In this study, we introduce PanDerm, a versatile dermatology foundation model trained through self-supervised learning on over two million multimodal dermatological images. Central to PanDerm’s development was the curation of a large and diverse image dataset sourced primarily from in-house collections and carefully selected public repositories. This approach contrasts with previous efforts, such as SwAVDerm³⁵, which relied on web-sourced skin data, inadvertently incorporating images from commonly used benchmarks such as ISIC⁵⁵ and DermNet⁴⁴, increasing the risk of data leakage and compromising evaluation validity. Our strategy minimizes this risk, ensuring that benchmark evaluations accurately reflect real-world model performance.

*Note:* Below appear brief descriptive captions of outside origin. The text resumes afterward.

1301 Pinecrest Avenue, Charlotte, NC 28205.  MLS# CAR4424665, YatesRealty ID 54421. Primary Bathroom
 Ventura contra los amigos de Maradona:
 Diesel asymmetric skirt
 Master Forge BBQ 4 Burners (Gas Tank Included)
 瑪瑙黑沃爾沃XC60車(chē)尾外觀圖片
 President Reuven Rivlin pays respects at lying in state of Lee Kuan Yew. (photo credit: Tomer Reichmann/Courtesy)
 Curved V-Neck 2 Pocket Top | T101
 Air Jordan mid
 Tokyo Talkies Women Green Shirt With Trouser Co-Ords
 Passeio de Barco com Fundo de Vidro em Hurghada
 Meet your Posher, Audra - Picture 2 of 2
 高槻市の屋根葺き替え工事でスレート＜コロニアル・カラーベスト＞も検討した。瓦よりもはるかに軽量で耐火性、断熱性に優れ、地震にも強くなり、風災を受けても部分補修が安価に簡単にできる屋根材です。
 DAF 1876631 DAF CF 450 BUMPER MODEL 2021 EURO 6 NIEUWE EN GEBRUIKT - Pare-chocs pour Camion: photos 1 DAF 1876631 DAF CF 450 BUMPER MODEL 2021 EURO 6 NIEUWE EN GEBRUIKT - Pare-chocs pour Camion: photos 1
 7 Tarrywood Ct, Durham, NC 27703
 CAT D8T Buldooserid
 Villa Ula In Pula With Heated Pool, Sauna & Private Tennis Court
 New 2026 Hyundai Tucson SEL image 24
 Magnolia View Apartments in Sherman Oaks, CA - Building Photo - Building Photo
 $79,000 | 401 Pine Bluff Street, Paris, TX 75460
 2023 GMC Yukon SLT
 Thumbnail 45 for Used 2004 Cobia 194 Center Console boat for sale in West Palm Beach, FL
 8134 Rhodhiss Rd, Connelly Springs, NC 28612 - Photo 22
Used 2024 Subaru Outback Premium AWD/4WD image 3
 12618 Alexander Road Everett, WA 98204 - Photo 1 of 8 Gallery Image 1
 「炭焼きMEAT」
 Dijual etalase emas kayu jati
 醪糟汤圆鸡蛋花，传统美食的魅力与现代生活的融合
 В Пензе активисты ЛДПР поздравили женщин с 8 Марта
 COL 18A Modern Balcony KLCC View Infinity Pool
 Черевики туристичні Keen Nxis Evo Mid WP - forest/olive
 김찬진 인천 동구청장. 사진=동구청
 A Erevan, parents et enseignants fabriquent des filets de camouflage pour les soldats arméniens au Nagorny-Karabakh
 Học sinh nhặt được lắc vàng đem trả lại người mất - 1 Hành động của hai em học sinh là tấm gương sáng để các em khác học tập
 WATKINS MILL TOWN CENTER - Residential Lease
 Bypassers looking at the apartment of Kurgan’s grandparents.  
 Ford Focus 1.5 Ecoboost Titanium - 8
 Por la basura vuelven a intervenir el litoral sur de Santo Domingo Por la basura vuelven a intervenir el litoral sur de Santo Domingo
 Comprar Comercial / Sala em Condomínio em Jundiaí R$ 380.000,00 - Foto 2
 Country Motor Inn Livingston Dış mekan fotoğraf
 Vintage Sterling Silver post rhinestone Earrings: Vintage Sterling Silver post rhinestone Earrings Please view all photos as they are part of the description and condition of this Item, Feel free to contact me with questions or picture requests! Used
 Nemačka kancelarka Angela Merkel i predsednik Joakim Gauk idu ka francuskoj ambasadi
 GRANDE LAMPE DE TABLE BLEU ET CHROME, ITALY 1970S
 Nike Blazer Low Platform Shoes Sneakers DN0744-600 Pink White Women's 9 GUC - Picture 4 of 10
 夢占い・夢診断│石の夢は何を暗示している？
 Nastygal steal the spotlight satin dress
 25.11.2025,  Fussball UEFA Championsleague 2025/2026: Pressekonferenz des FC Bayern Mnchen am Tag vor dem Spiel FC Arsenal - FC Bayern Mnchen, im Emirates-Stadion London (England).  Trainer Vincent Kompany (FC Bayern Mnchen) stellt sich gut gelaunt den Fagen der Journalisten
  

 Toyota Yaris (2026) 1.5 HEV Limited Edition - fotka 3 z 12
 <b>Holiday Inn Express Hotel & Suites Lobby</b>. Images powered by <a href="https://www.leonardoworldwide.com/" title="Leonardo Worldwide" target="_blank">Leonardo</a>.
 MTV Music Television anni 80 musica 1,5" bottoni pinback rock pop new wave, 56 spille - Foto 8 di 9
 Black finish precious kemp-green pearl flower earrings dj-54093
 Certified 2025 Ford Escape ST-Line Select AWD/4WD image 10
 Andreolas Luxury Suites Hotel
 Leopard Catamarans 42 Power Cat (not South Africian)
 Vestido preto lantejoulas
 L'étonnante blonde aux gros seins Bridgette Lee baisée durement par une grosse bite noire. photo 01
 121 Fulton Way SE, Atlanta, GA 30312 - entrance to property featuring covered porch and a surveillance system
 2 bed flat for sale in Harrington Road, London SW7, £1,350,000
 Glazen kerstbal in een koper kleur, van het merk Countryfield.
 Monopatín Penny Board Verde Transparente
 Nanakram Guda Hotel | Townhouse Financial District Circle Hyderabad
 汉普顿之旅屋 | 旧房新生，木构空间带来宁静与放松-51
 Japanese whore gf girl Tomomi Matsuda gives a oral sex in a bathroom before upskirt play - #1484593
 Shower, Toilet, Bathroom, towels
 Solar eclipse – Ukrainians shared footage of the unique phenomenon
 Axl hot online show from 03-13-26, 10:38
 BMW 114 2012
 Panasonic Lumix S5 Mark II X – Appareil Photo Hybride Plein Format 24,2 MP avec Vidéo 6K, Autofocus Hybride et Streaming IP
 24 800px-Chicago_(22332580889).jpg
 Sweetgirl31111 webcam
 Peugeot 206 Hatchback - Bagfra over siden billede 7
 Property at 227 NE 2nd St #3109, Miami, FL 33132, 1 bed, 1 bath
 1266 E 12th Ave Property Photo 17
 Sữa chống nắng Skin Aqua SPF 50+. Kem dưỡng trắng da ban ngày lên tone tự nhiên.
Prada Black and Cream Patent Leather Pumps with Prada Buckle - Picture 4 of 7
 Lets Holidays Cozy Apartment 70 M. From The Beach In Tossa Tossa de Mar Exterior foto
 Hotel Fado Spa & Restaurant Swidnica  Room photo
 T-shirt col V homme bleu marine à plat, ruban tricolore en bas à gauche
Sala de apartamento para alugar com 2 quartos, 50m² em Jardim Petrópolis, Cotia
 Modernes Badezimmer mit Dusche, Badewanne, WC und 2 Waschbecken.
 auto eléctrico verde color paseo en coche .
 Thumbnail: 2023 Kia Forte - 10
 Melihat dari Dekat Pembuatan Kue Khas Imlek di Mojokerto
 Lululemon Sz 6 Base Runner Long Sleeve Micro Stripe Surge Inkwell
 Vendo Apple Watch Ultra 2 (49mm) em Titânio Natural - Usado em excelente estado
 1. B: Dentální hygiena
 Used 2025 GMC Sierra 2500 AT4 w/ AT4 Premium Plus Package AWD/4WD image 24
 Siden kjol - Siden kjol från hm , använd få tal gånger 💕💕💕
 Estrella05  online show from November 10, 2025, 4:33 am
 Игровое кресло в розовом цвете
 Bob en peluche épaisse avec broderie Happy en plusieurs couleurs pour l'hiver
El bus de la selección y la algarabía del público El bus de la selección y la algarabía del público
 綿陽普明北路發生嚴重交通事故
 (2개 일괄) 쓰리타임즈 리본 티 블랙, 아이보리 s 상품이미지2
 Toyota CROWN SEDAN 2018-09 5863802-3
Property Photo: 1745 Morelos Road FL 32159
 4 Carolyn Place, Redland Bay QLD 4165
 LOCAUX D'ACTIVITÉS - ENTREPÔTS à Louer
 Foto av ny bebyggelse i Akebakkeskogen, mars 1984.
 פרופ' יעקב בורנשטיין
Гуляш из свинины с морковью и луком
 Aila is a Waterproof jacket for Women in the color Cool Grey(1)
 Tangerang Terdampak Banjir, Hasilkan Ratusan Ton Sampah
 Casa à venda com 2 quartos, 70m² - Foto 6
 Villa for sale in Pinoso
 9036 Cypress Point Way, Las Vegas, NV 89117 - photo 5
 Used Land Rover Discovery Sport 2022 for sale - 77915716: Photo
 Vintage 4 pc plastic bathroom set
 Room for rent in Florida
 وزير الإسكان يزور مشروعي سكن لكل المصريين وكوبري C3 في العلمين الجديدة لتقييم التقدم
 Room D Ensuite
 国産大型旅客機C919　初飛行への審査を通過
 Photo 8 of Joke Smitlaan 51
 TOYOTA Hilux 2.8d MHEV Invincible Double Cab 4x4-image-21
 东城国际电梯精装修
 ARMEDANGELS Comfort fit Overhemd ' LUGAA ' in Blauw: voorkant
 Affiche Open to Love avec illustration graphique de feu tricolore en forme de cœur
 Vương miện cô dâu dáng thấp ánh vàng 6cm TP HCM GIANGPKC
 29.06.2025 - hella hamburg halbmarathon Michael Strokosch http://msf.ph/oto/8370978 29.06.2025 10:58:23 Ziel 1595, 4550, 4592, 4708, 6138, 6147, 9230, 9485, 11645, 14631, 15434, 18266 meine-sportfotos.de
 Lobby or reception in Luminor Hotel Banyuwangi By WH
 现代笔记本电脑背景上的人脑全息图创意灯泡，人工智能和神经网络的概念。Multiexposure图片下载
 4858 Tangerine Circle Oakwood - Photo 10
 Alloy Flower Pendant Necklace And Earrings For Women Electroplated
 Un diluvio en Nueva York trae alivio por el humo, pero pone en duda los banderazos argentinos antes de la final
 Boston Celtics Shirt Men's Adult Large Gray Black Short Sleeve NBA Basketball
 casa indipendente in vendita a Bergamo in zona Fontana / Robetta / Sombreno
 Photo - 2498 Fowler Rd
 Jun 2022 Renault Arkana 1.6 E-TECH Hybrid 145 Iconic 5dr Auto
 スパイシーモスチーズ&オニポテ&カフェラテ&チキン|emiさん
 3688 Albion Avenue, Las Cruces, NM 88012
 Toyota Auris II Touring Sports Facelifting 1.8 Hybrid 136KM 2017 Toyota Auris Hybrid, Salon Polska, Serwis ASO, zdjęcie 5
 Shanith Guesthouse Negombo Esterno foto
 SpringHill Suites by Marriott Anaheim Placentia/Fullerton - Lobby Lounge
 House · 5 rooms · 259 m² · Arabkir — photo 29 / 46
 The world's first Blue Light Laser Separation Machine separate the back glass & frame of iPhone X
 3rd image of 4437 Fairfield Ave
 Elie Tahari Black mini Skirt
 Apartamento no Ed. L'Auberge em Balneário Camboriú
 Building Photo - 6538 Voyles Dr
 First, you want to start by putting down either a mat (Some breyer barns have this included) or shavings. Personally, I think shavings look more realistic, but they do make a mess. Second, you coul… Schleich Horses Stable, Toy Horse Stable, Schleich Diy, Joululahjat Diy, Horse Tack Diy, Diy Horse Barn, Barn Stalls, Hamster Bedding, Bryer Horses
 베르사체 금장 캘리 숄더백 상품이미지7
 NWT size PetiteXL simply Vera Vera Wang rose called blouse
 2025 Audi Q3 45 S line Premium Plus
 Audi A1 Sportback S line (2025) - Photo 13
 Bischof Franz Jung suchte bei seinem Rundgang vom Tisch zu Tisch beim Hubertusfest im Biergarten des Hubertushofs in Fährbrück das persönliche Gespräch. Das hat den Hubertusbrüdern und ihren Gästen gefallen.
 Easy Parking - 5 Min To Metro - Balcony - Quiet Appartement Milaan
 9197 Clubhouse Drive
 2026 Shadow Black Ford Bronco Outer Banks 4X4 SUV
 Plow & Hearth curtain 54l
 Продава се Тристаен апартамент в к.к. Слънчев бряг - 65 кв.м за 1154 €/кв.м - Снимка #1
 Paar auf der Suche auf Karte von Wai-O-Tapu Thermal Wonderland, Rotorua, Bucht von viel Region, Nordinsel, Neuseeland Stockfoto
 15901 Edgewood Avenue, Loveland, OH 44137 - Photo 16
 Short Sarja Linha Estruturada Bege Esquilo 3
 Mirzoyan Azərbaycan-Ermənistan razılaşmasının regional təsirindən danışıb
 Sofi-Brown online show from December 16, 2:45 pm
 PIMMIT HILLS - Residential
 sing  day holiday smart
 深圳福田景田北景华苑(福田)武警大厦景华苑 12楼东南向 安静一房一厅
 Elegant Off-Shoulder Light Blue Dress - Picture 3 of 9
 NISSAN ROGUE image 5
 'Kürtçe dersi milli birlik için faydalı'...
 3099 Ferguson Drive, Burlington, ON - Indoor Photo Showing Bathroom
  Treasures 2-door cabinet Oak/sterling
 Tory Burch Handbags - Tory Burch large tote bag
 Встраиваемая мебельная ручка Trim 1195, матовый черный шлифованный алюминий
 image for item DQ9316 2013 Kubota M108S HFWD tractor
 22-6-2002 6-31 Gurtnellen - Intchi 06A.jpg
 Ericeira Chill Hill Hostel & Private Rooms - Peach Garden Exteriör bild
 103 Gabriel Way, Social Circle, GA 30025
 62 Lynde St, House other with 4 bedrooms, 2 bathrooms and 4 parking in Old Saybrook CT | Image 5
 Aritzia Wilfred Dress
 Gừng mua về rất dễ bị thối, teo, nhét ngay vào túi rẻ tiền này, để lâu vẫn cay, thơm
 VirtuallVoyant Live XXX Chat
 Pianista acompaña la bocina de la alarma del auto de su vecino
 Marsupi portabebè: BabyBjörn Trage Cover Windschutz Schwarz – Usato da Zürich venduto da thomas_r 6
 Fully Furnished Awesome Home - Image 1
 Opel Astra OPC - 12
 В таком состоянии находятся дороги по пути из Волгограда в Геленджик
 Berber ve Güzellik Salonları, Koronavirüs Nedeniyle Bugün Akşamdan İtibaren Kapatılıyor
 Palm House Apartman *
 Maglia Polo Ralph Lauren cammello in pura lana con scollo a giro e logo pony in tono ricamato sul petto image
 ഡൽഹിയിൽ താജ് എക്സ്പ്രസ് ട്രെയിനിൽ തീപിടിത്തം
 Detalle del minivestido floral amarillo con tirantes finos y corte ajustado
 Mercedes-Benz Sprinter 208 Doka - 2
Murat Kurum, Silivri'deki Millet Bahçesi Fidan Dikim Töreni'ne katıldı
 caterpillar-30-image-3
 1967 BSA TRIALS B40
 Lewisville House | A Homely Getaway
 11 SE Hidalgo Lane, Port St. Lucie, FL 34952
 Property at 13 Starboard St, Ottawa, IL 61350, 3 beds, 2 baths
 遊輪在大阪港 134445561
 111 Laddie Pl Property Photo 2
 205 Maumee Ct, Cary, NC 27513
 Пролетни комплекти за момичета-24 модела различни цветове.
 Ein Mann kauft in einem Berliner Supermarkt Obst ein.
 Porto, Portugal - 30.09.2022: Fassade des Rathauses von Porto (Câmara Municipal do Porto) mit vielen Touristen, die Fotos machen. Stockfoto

To evaluate PanDerm’s clinical utility, we conducted validations across 28 benchmark datasets, spanning comprehensive skin cancer assessment and a diverse set of primary care dermatological conditions. For skin cancer-related assessment, PanDerm outperformed existing models in specialized tasks across various modalities, including risk stratification of lesions, phenotype assessment, detection of lesion changes and malignancy, multi-class cancer diagnosis, lesion segmentation, and metastasis prediction and prognosis. In particular, PanDerm achieved the most results using only 10% of the task-specific training data typically required by existing models, helping alleviate the scarcity of specialist-labeled data in medical AI. In primary care dermatology settings, PanDerm also outperformed comparative models in diagnosing a diverse set of conditions such as inflammatory diseases, infectious conditions and frequently encountered dermatoses. These capabilities stem from its rich knowledge representation, developed through pretraining on varied dermatological image modalities and conditions, leading to consistent and significant performance improvements across tasks and modalities.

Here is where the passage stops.